Dwayne Hendricks' persistence is finally paying off

Dwayne Hendricks had two sacks in the Giants' preseason opener against the Jaguars.

ALBANY, N.Y. -- Dwayne Hendricks was too big to play Pop Warner football in seventh grade. The Giants defensive tackle was about five pounds over the weight limit, and as much as he wanted to be a player like his big brother Damien, he just didn’t want to lose the weight necessary to get on the field.

And that may be the last time Hendricks opted out of hard work when it came to football.

“I have the utmost respect for that kid,” Giants coach Tom Coughlin said. “That kid worked his ever-loving off. In fact I use him as an example.”

The Giants have waived Hendricks four times. That’s four times that he’s gone back to his mother’s house in Millville, N.J. Four times he’s hit the gym harder than he thought possible -- working with his old high school team while confident that another shot was going to come his way.

“It’s all about perseverance,” Hendricks said. "I look at a lot of people’s stories around the league, like (former Giant and current Raiders defensive end) Dave Tollefson. He told me he got cut and he wasn’t even playing football for two years.”

This is the training camp when Hendricks' time may finally come. After spending the bulk of the 2011 season on the practice squad, Hendricks is hearing effusive praise from his coaches, including the notoriously tight-lipped Coughlin.

“I’ve told anybody that goes against Dwayne Hendricks -- he’s going full-speed every play,” Coughlin said. “So if you’re foolish enough to think that he’s not going to make you look bad, you’re ridiculous. So he goes out and plays the game just like he practices. He did very well for himself.”

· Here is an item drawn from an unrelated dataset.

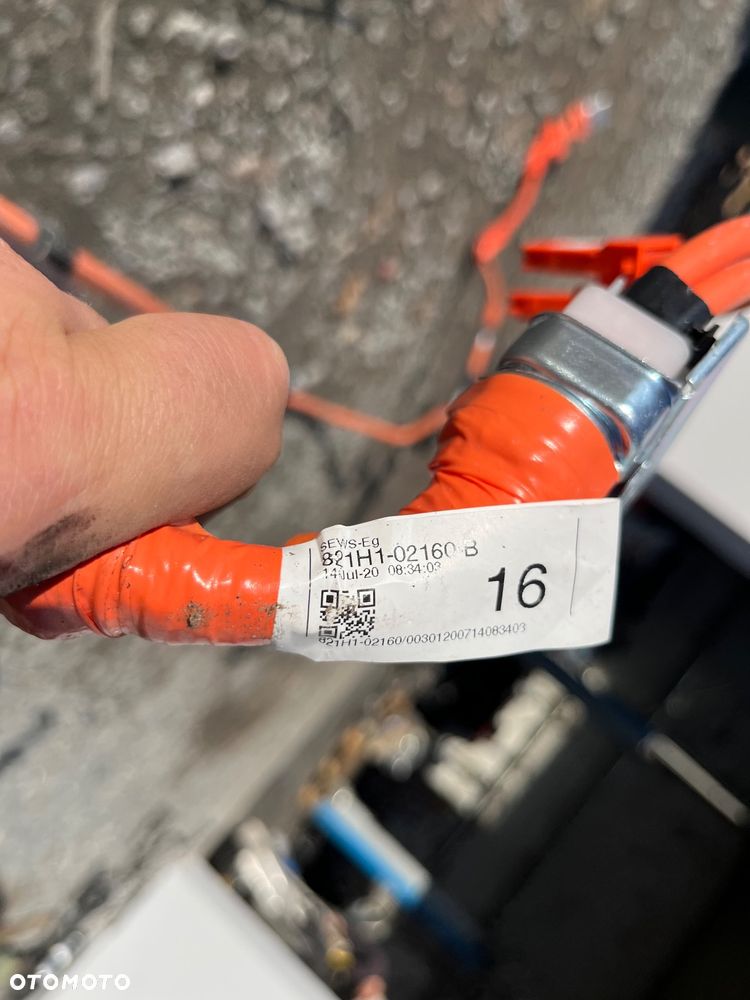 Przewód kabel instalacja baterii Toyota Corolla E21 HYBRID - 6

It’s all fitting together for Hendricks. He is catching the coaching staff’s eye, and some injuries -- both Shaun Rogers and Marvin Austin are hurt -- could result in some playing time. Even if that wasn’t the way he wanted to get it.

“You never want to see somebody go down like that, it’s never a good thing,” Hendricks said. “You play this game because you want to compete and be the best and not be given something by default.”

The Giants are looking to bring in another veteran defensive tackle. As it stands, Chris Canty could be on the PUP list to start the season with a knee injury. Rocky Bernard and Linval Joseph are healthy, but Rogers (blood clot) is out for the year and Austin’s results from a trip to the Hospital for Special Surgery are not yet in.

On the last day of Giants camp in Albany, Hendricks worked with both the second- and third-team defense.

After playing for the University of Miami, Hendricks was signed as a rookie free agent on May 9, 2009. Since that day, he’s been waived four times and, between practice and regular rosters, signed nine times.

When he was home in 2010, not sure whether his football career was over, Hendricks volunteered to help coach defense at his old high school. Head coach Jason Durham said Hendricks had always been one of the most popular people at the school -- not just because he was a football player, but because he was a good student as well.

Hendricks maintains relationships with his former teachers, and Durham laughed while saying that Hendricks couldn’t get in and out of the school in less than an hour with all the people he stops to talk to.

“He’s very personable and very patient,” Durham said. “Some athletes have a hard time explaining things to young players, but that wasn’t the case with Dwayne.”

Clearly patience has been key for Hendricks, ever since watching his brother Damien -- seven years his senior -- and wanting to be a part of the game he played. The patience and hard work is finally coming to fruition. Damien played four years as a lineman at Temple, but didn't go on to the NFL. Now Dwayne is making that dream come true for both of them.

“All the things that he told me and advice that he’s given me, it’s paying off,” Hendricks said.